■ Brief ■
Nothing but the lines below between the line holding "B+W 010 MASTER - Ultraviolet Filter - 49mm" and the line holding "Used 2024 Nissan Altima 2.5 SV image 15", inclusive, should appear in the answer, each set down exactly.

■ Source data ■
· · ·
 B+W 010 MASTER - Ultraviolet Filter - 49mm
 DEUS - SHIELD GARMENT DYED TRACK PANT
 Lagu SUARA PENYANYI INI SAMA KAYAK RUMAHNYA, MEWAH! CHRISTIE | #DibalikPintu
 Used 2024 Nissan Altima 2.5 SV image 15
· · ·
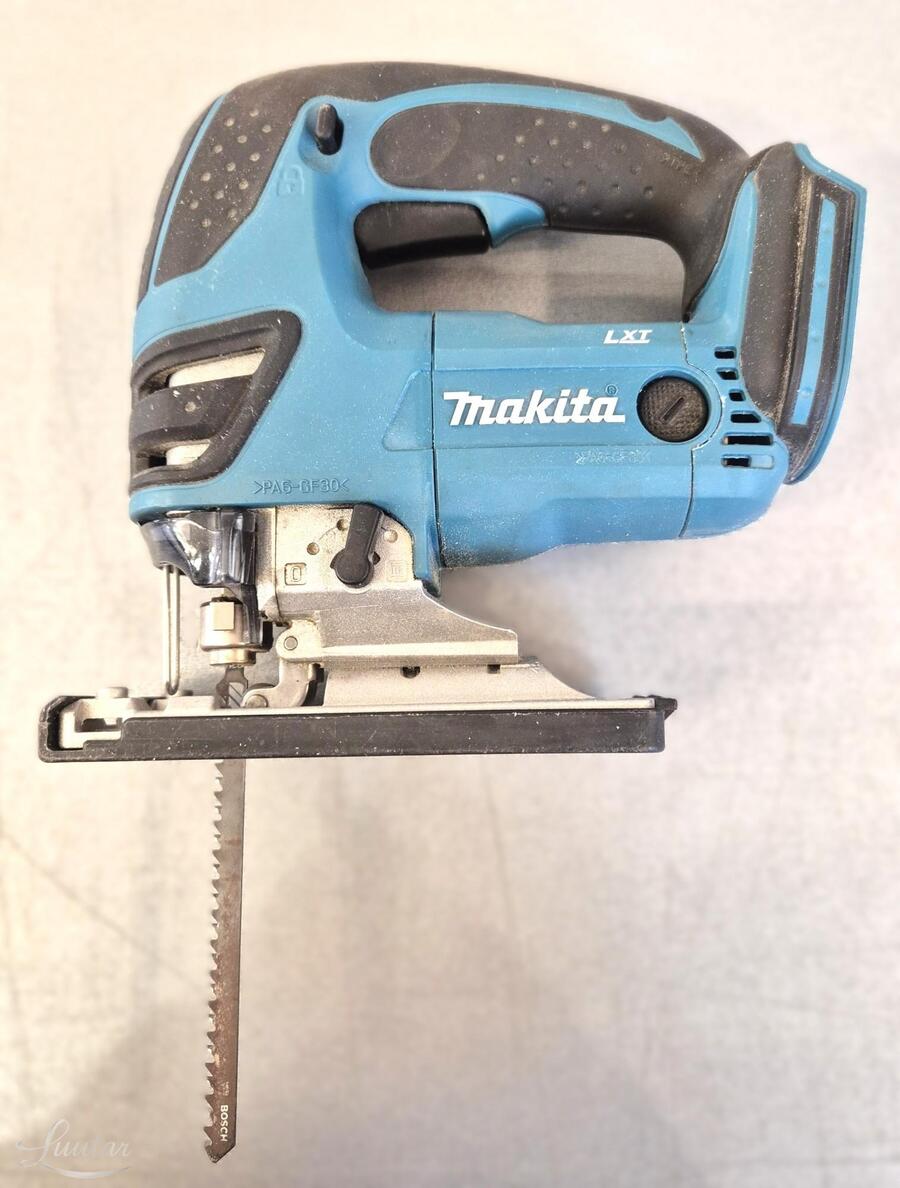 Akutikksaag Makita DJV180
· · ·
■ Answer to the exercise ■
 B+W 010 MASTER - Ultraviolet Filter - 49mm
 DEUS - SHIELD GARMENT DYED TRACK PANT
 Lagu SUARA PENYANYI INI SAMA KAYAK RUMAHNYA, MEWAH! CHRISTIE | #DibalikPintu
 Used 2024 Nissan Altima 2.5 SV image 15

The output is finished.